• BRIEF
Only these lines of the data below are wanted: the one with "This is a fish", the one with "We can also", and any lines between them, each repeated exactly.

• DATA PROVIDED
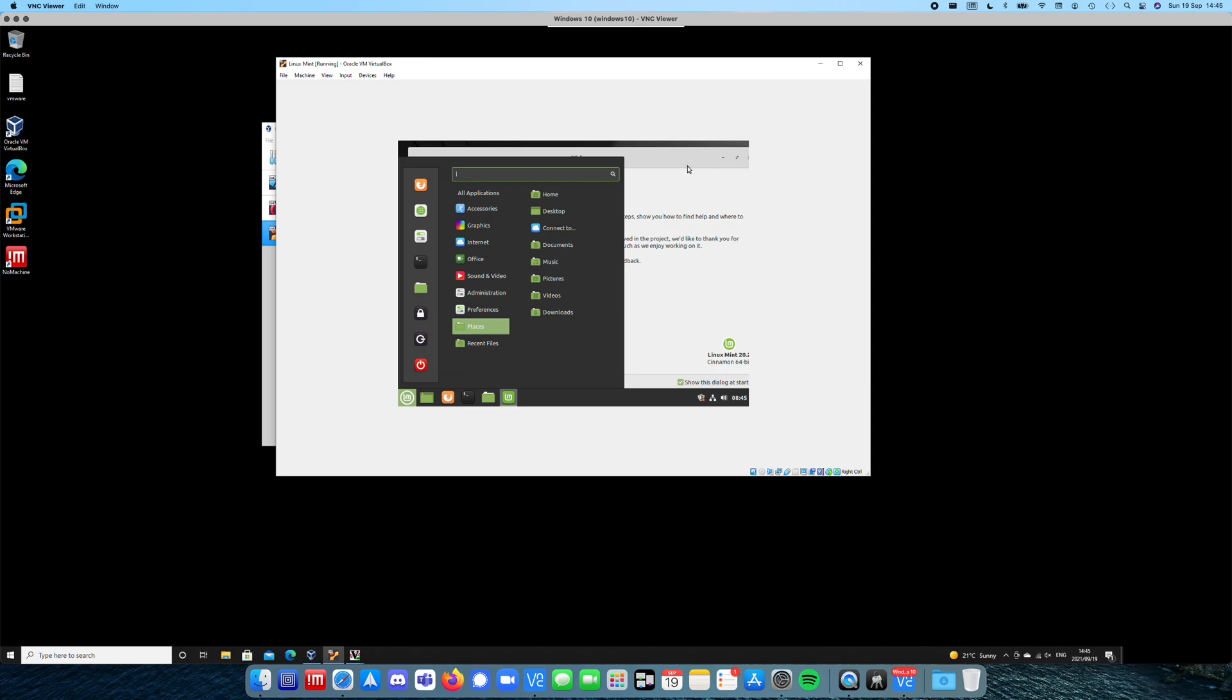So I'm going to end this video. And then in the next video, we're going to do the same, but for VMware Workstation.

...

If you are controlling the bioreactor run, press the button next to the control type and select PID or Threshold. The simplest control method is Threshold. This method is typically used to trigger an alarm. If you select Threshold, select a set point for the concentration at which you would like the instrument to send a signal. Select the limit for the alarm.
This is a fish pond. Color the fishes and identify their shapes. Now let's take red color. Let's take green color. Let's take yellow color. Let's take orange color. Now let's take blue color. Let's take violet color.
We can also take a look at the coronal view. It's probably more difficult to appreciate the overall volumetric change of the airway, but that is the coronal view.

...

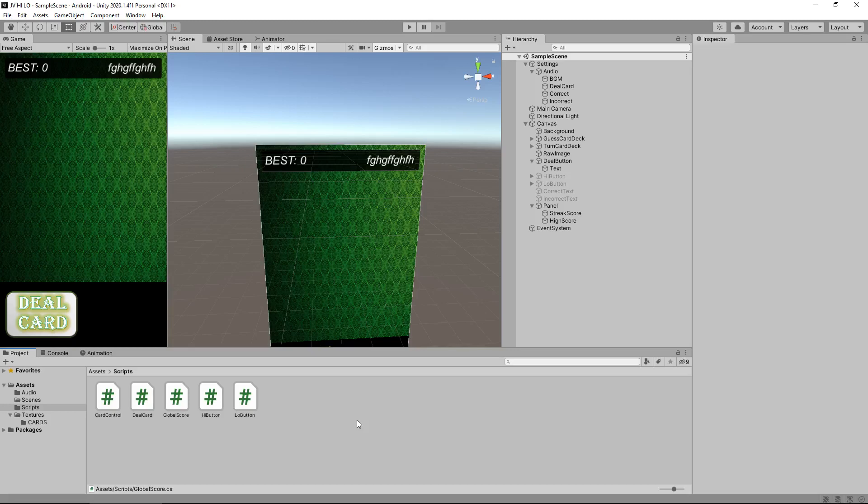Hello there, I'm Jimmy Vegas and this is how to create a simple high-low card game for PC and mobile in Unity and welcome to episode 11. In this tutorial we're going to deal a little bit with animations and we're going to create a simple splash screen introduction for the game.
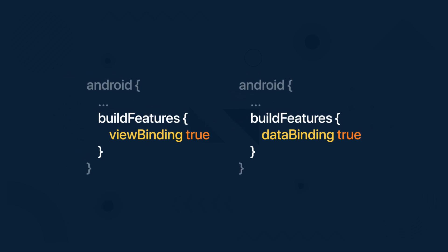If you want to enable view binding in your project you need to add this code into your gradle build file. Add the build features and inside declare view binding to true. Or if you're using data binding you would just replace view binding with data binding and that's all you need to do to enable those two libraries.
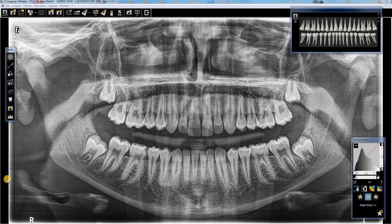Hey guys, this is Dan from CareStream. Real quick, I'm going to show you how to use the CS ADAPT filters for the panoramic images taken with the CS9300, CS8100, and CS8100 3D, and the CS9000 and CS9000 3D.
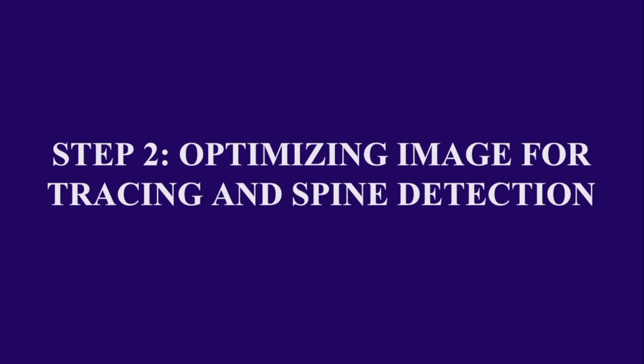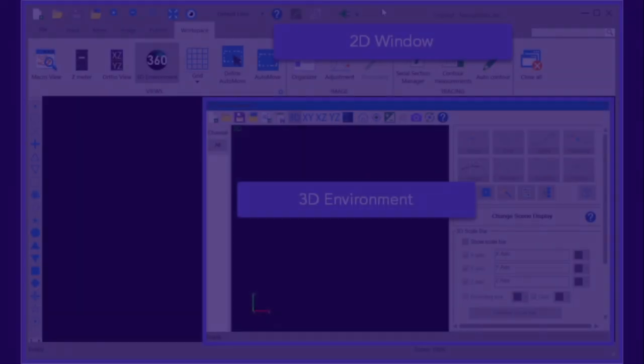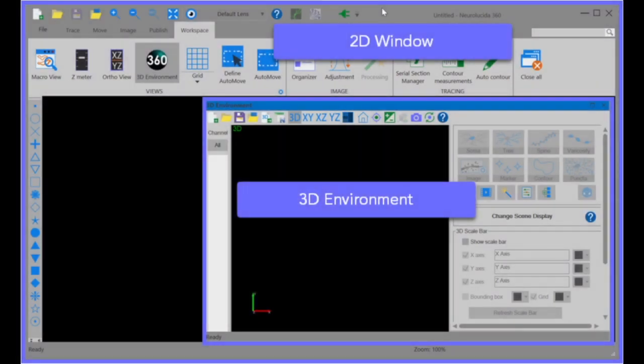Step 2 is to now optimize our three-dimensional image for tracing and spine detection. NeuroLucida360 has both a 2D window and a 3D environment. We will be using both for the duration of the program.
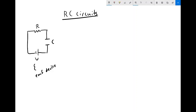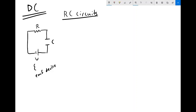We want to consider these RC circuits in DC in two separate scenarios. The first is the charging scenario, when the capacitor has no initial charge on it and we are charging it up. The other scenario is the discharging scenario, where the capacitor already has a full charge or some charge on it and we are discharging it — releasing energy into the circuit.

• ANSWER TO THIS TASK
This is a fish pond. Color the fishes and identify their shapes. Now let's take red color. Let's take green color. Let's take yellow color. Let's take orange color. Now let's take blue color. Let's take violet color.
We can also take a look at the coronal view. It's probably more difficult to appreciate the overall volumetric change of the airway, but that is the coronal view.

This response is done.